WORK REQUIRED :: The line with "Mapa 17. Jurydyka Retoryka (Ossolińskie)" marks where to begin; print it and all lines after it in the material below exactly, skipping pictures.

EXTRACTED ENTRIES ::
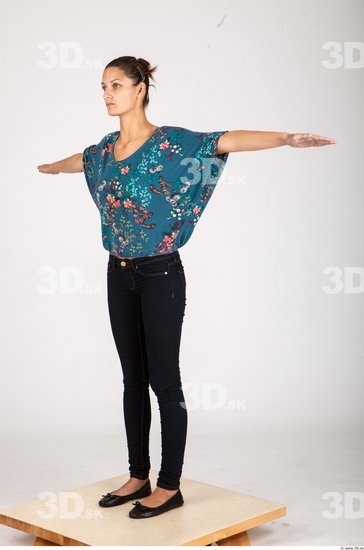 Whole Body Woman T poses Formal Slim Studio photo references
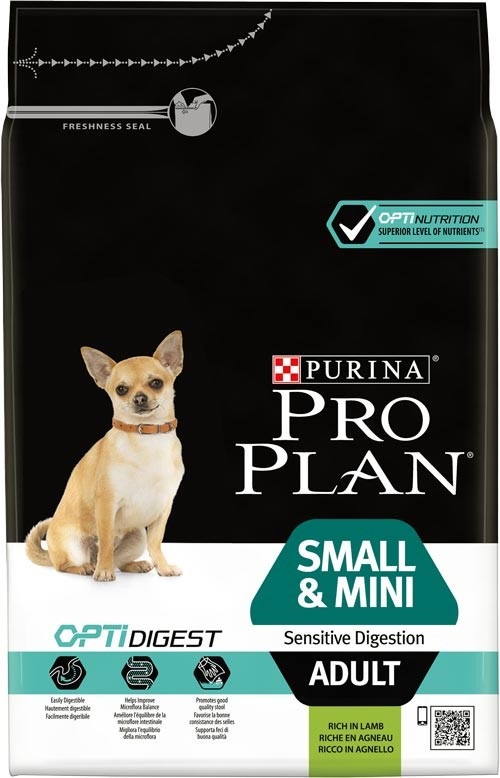 Purina SMALL & MINI ADULT SENSITIVE DIGESTION 3 kg Adulto Agnello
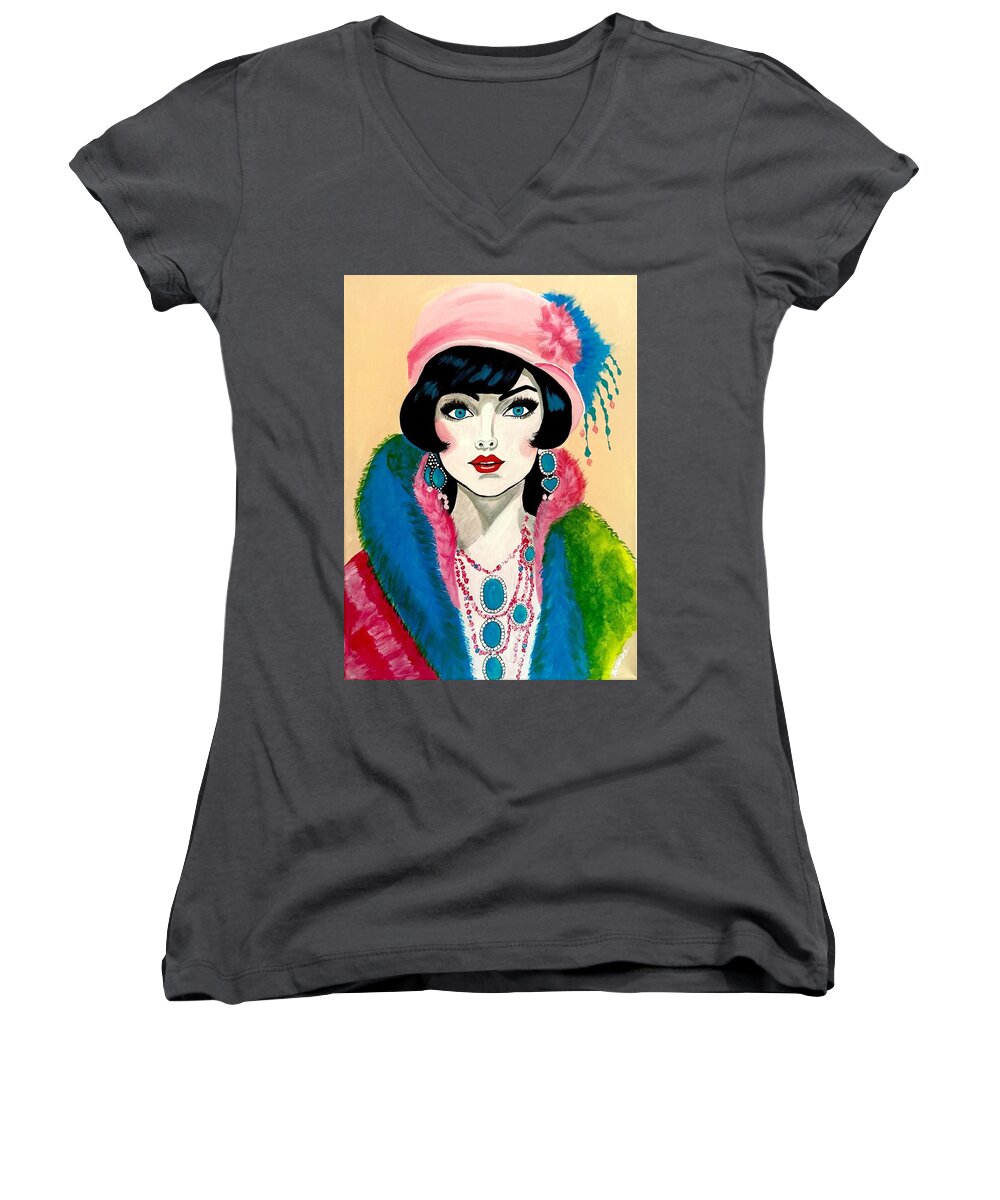 Sinatra - Women's V-Neck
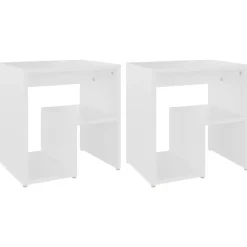 vidaXL - Nachtkastje - Wit - Bewerkt hout - 2 stuks
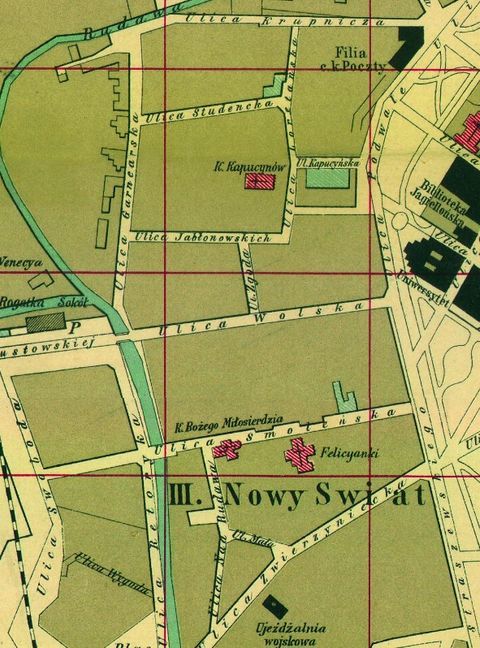 Mapa 17. Jurydyka Retoryka (Ossolińskie)
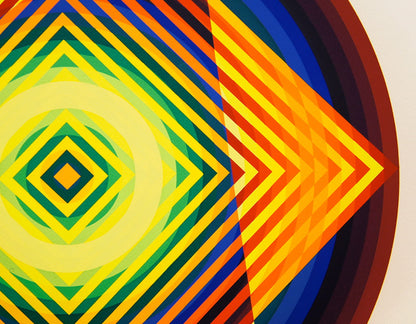 AY-O / Silk screen / Maru no naka no sanshikaku - Triangle and Square in a Circle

ANSWER SECTION ::
 Mapa 17. Jurydyka Retoryka (Ossolińskie)
 AY-O / Silk screen / Maru no naka no sanshikaku - Triangle and Square in a Circle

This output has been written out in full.